After playing soccer for most of her life, Tran tried outdoor track in the Spring of her Junior Year. Later during her Lower Year, she fully committed to distance running as it kept up the same intensity as soccer, and joined cross country and indoor track. After only one season, Tran was named as one of the four Indoor Track captains and the only Upper captain.
“In [the] Winter of my Lower Year, it was my first time ever doing Indoor Track. At that point, I was pretty invested in running. But I didn’t know that I would have enough experience in the sport to be able to lead the team. So it came by surprise [when I was chosen to be captain]. It was at the end of season celebration when they announced it. And I was literally not expecting it… So, two of my teammates [voted for me] and I just accepted it on a whim,” said Tran.
Emma Hagstrom ’25, who runs distance, commented on Tran’s commitment to her role. Hangstrom states that Tran exceeds her responsibilities as a captain by communicating with the whole team and taking initiative outside of her role.
Hagstrom said, “I think she really embodies the values that captains need to have. And I also think that she’s super kind. She fits the role for captain. I think she’s always going above and beyond and she made the Senior posters, she sent us emails weekly. She puts in a lot of dedication to this role. I really appreciate it.”
Tran explained how the tradition “Birthdays” motivates the team during practices and is prevalent as part of building an inclusive environment.
Tran said, “At the beginning, when we’re all together as a team, we try to take advantage of that. We have this thing called ‘Birthdays,’ where everybody stands in a circle. And we call someone as if it’s their birthday…and they come into the circle, and they lead jumping jacks. And I don’t know how the tradition came into play… I think that allows us to be inclusive of everyone and give them the opportunity to lead the team. And I think that’s empowering, especially if you’re young, and no one’s called on you to do something like that before.”
Part of being a Captain is engaging with people, both inside and outside of event groups. Tran embodies that role by branching out to different events and encouraging them. Tran’s favorite part is seeing people excel at their events as she cheers them on.
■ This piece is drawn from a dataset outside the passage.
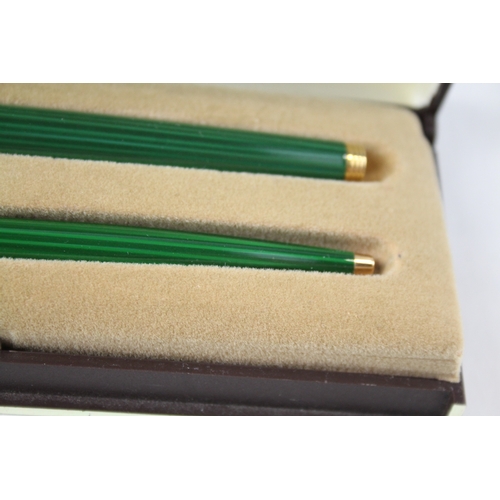 397 - Vintage Parker 75 Green Lacquer Fountain Pen w/ 14ct Gold Nib, Ballpoint, Box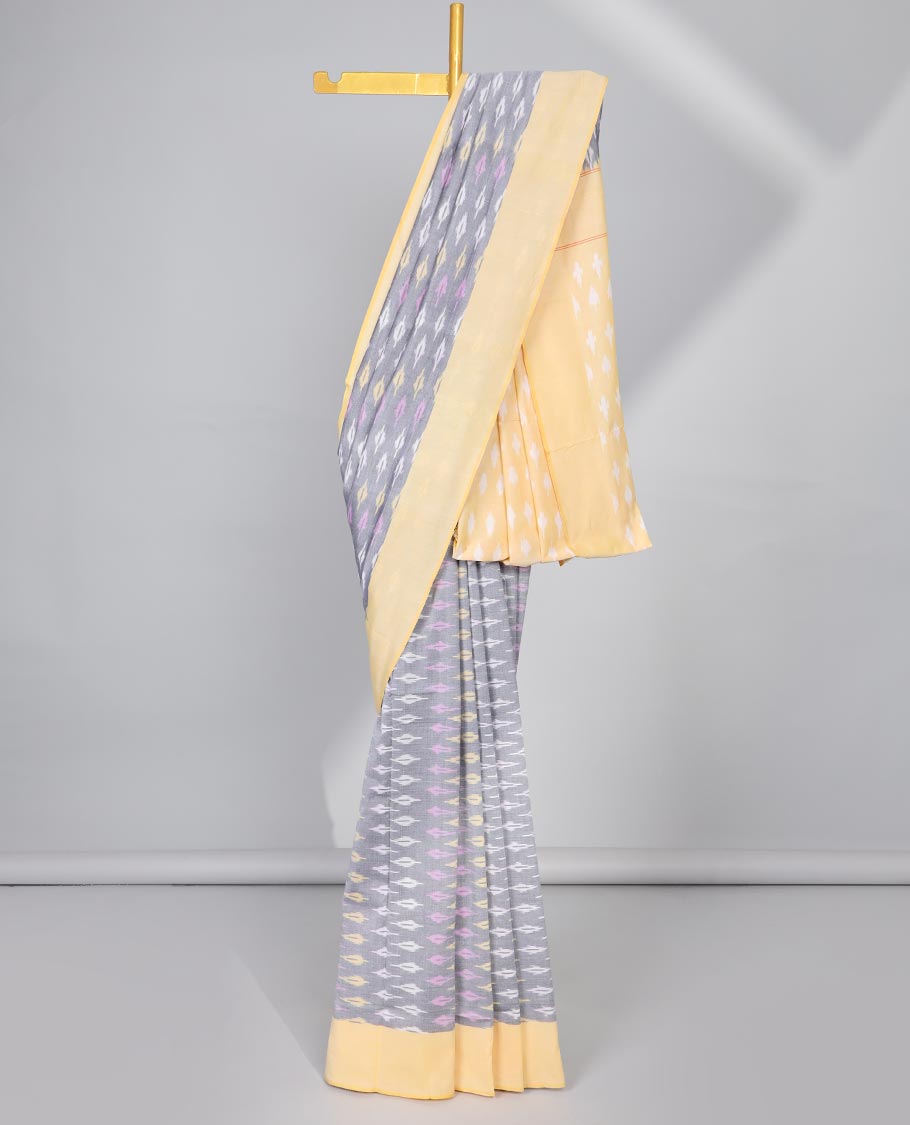 Grey geometric design ikkat cotton saree with contrast border & intricate design pallu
Tran said, “I just try to talk to everyone, just put on a good mood every single day of practice, bring some energy, and then always cheer as loud as possible for everyone because I think that gets people really hype. And one of my favorite things is when I’m cheering people on and at that moment, they speed up or they smile. That’s like one of my favorite things.”
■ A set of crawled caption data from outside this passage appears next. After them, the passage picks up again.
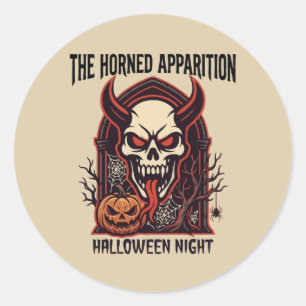 The Horned Apparition Halloween Classic Round Sticker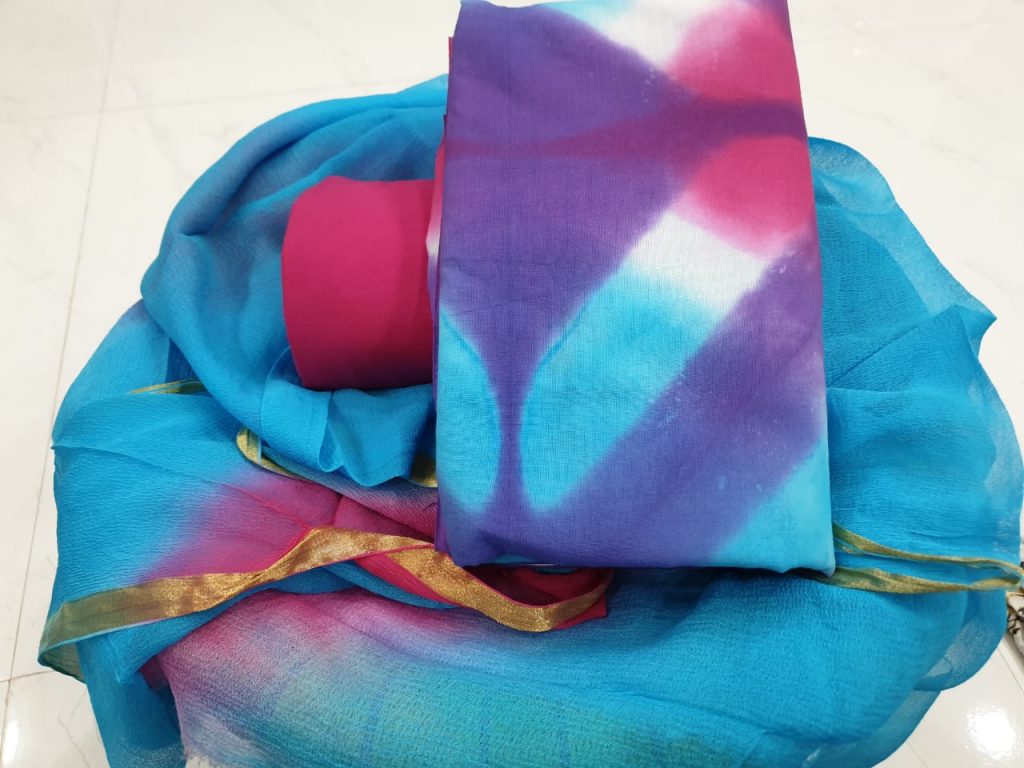 Multi color zari border cotton suit set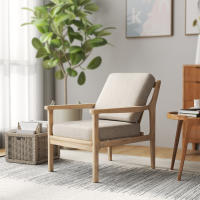Sillón reclinable Efecto Lino, reposabrazos, patitas de Madera tapizadas, cojines extraíbles, Sillón tapizado para dormitorio, Salón, beige, 62An x 82P X 82Al cm. - details 0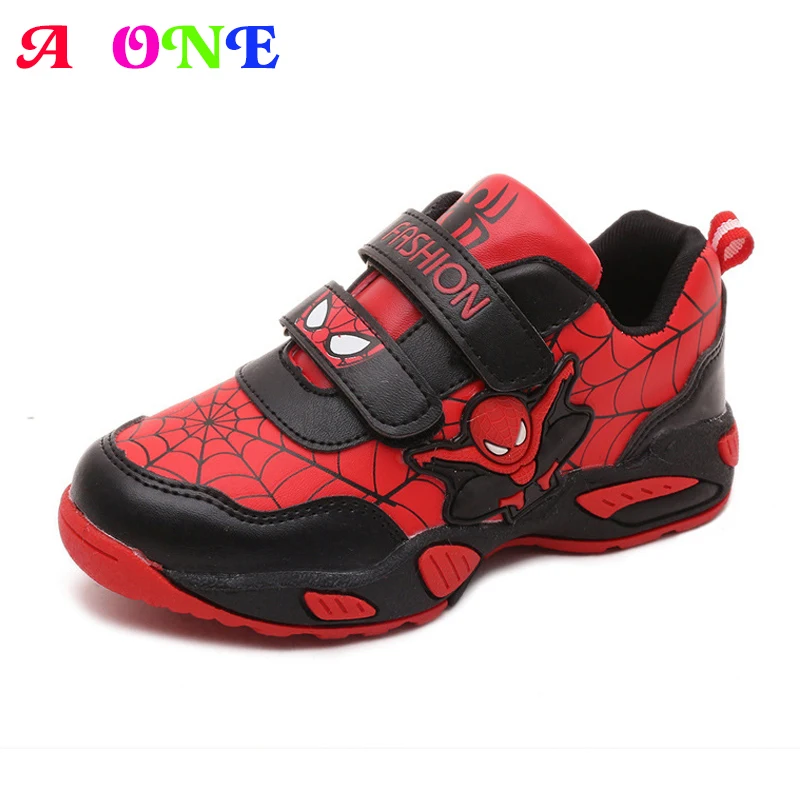 

Spring Fall Attract attention PU cartoon Jumping spider man letter boys sneakers for kids skate shoes children fashion shoes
She continued to discuss her injury that had persisted this cross country and track season. Although Tran had not competed in previous meets, the coaches encouraged her at the last minute to race during the Andover/Exeter meet.
“I’ve been injured this past year, on and off. And for [Phillips] Exeter [Academy], I wasn’t planning on racing this entire season, just because I was trying to build up. But because we wanted to win against Exeter, my coaches the night before [said,] ‘You’re just going to run for fun.’ So I did. And it was really fun. People were there supporting me and knowing that it was my first race back in practically a year. So I think every time I came through the homestretch, people were there cheering me on. And then I also broke my personal record [PR] from last year, even though I haven’t run consistently these past weeks. And I was just going for fun, in my sneakers, not even spikes. So I think it was one of the most memorable experiences,” said Tran.
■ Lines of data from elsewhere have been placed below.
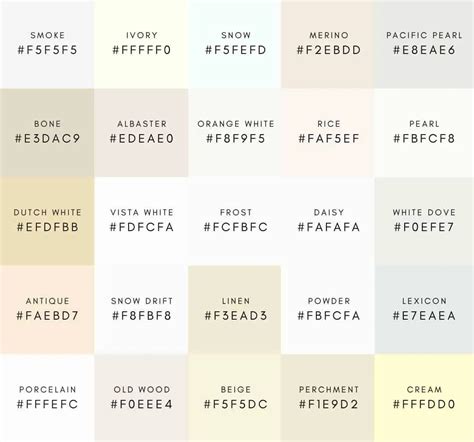 86 Shades Of White Color With Names Hex Rgb And Cmyk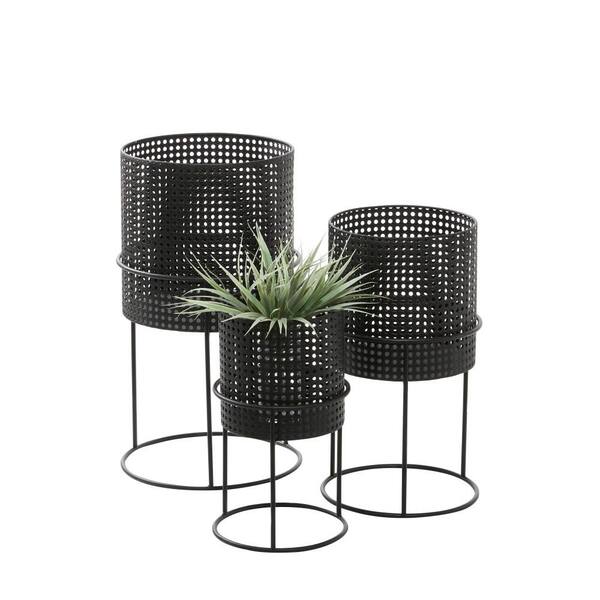 23.6 Black Plant Pot Indoor Modern Metal Planter with Stand for Living Room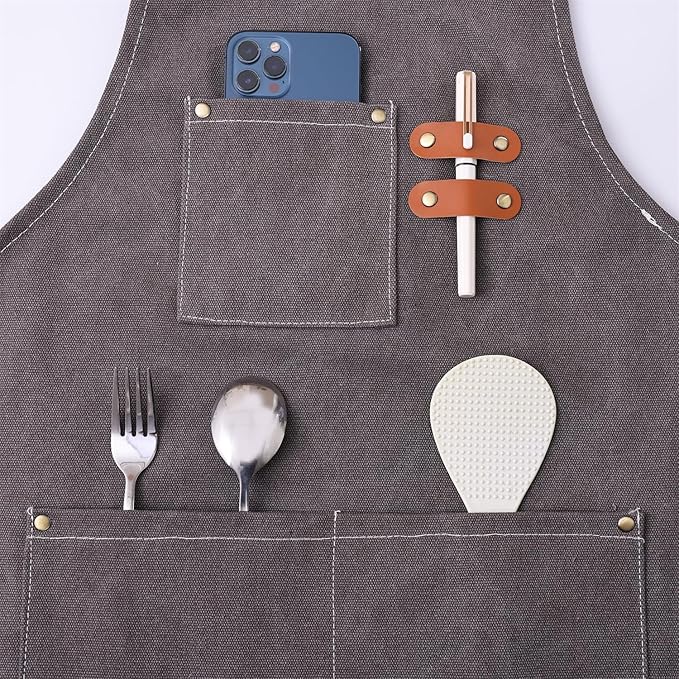 Chef Apron Medium-Thick Cotton Canvas,Cross Back with Multiple Pockets Adjustable Work Apron for Men and Women (Grey)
Grace Hammond ’23 admired Tran’s grit and work ethic as she trained to overcome her injury. Hammond also credited Tran for her personal best time that she achieved, despite not racing during the season.
“I would say she’s a really hard worker. She’s always training at the track. I know she experienced [an] injury this year, and they put her in a race and she crushed it… She did such a great job. And I could tell she was super determined. And it was exciting that she had a great PR,” said Hammond.
With a strong support system, Tran successfully raced for the first time in the year. She dedicated the race to her coaches, who supported her every step of the way.
She said, “I think what kept me going was that my coaches were always there for me. Because even though I wasn’t racing, I wasn’t really contributing to the team [point wise], they still talked to me every day. They still provided advice. And I don’t think I would have made it through without their help… They still believed in me, especially three days ago. They put me on a whim, knowing that I was working hard and working tirelessly throughout these past weeks. And they still believed in me, and knew that I could still contribute to the team.”
Editor’s Note: Patricia Tran is the Executive Editor for The Phillipian.